# [ACTIVITY]
Once "Vintage Girl Crew Socks - designfullprint" turns up in a line below, reproduce that line and those after it exactly, stopping after the line with "Black Beaded Tribal"; leave pictures out.

START GIVEN DATA

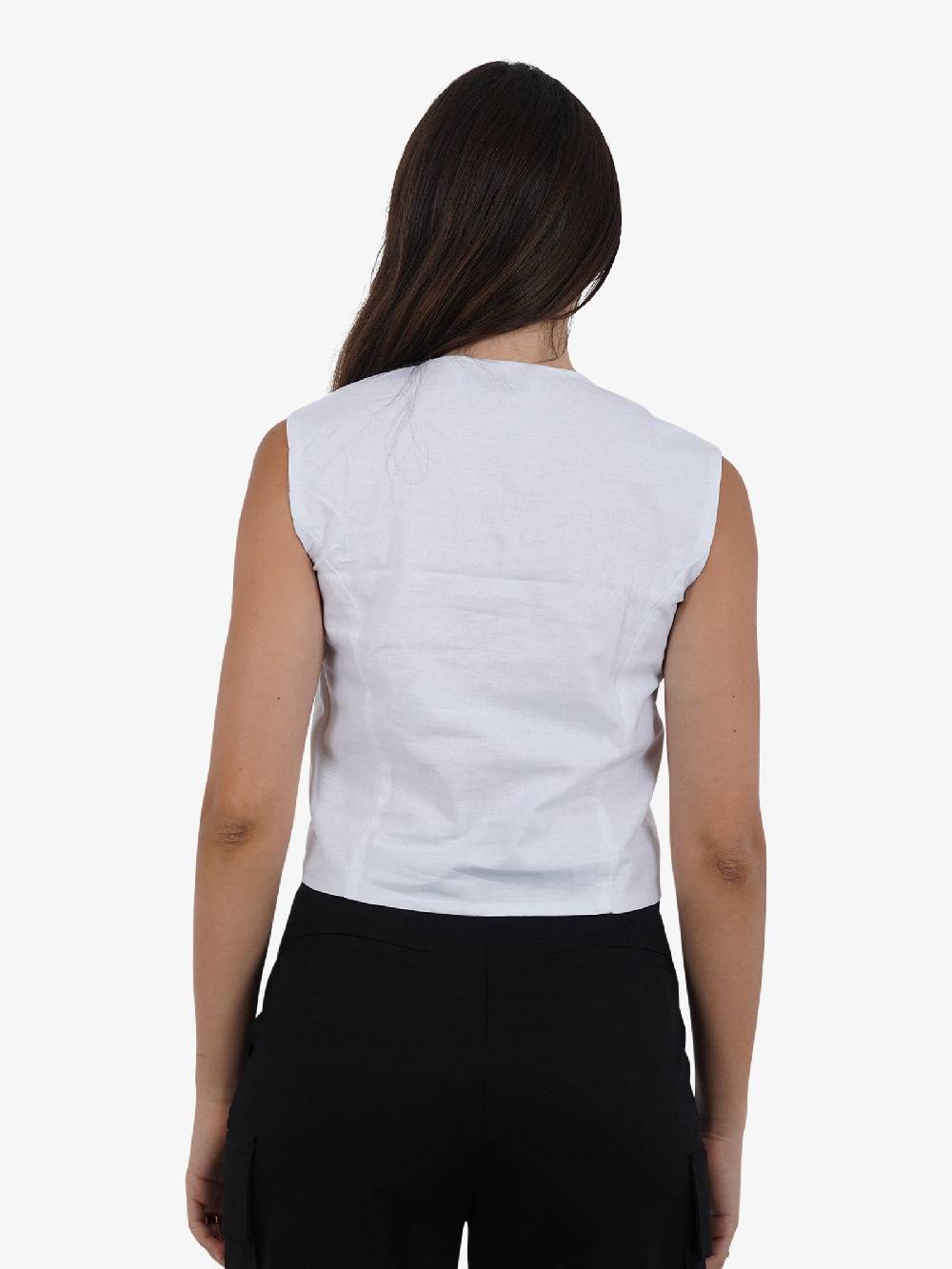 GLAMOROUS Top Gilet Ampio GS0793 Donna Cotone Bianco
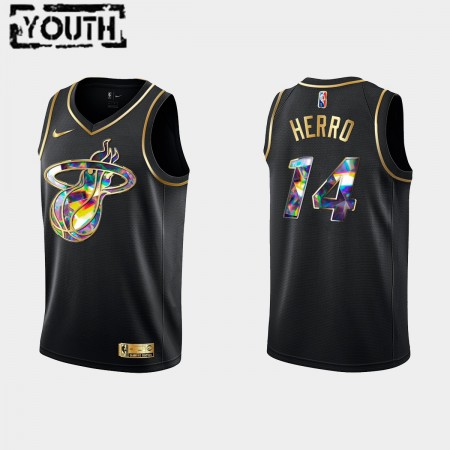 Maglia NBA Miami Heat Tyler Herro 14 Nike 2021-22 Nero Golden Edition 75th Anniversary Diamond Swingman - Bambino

END GIVEN DATA
START GIVEN DATA

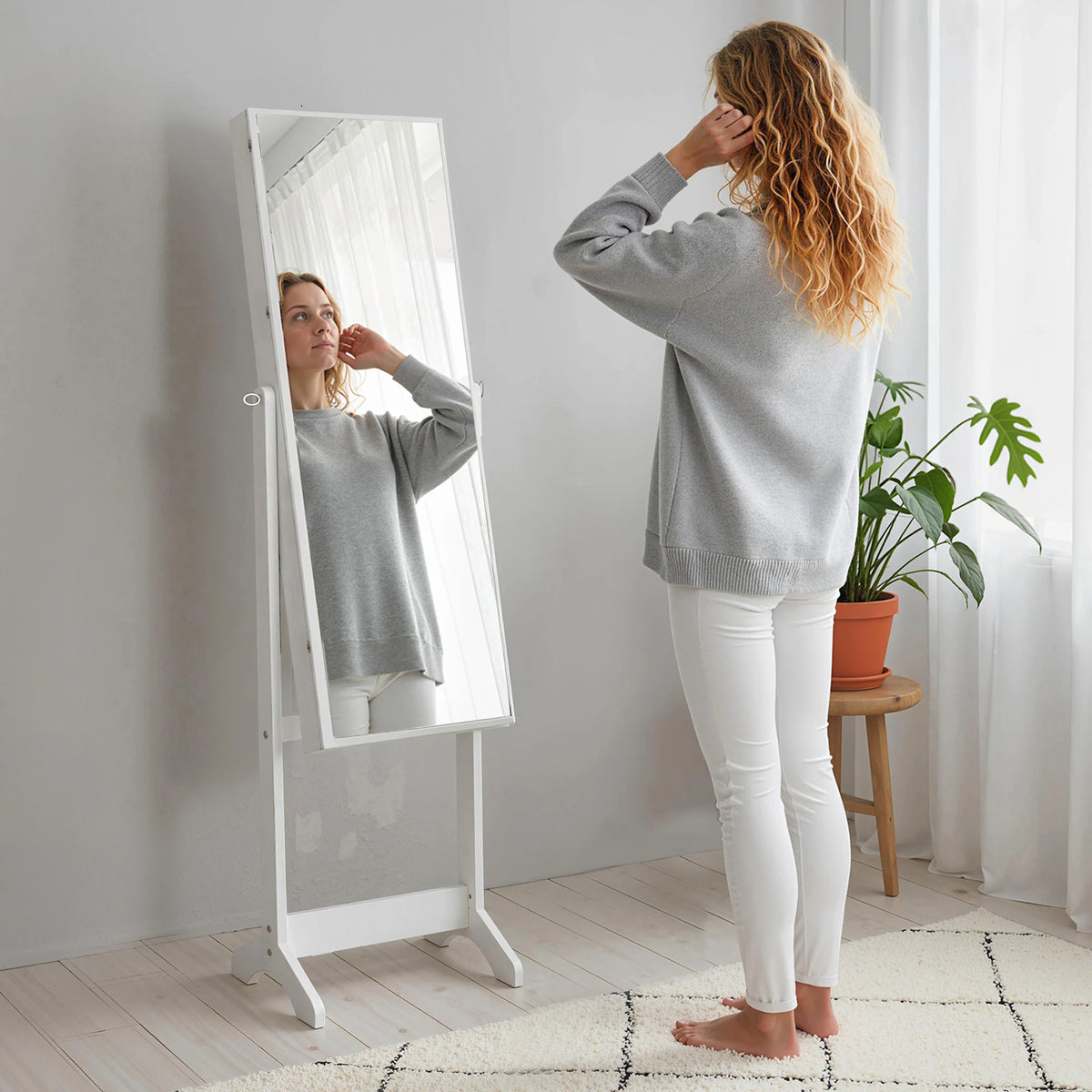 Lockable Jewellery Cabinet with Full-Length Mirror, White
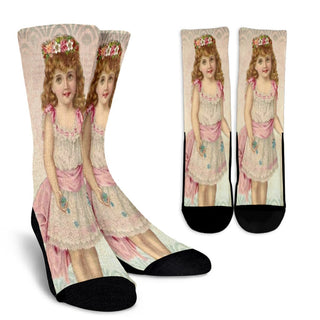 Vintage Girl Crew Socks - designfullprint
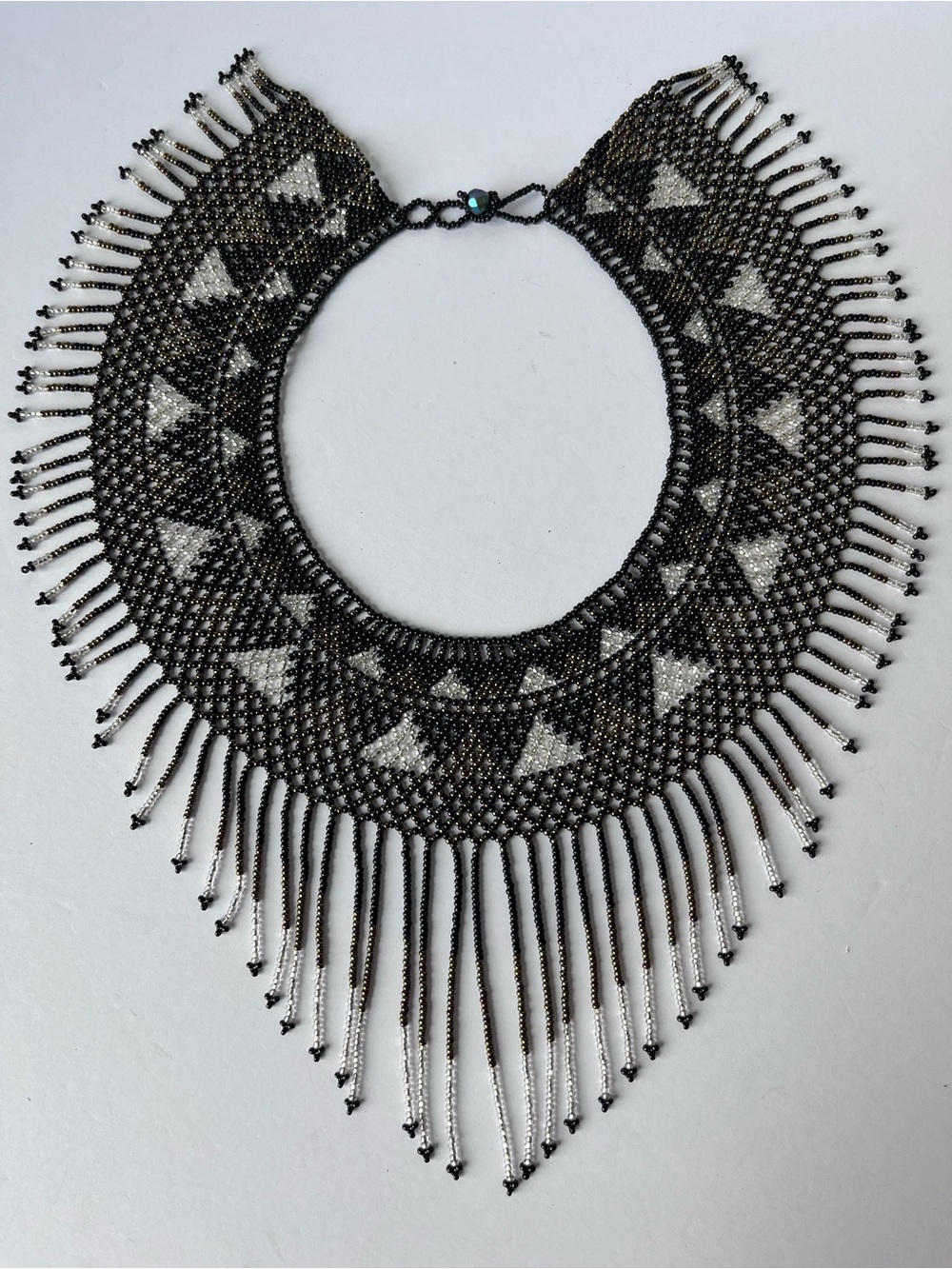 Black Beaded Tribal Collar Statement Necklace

END GIVEN DATA
START GIVEN DATA

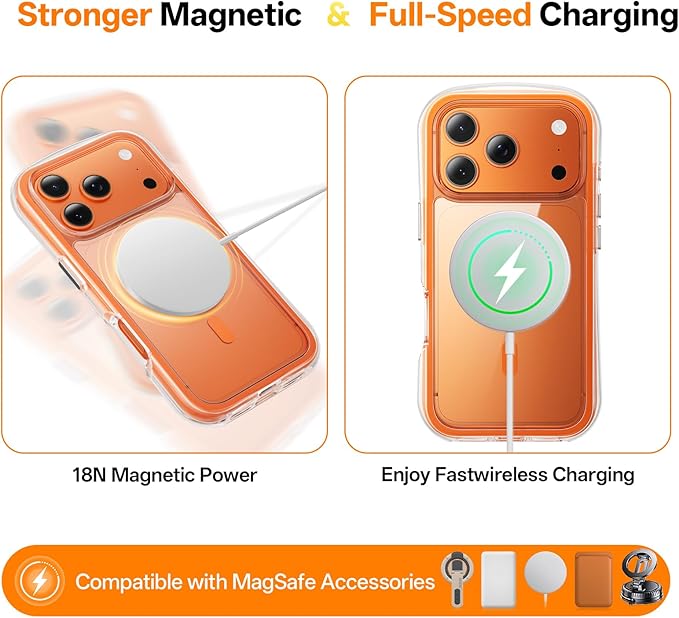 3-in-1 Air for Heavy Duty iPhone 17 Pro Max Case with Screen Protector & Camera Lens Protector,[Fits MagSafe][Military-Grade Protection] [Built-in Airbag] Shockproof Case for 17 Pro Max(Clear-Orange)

END GIVEN DATA

# [EXPECTED OUTPUT]
 Vintage Girl Crew Socks - designfullprint
 Black Beaded Tribal Collar Statement Necklace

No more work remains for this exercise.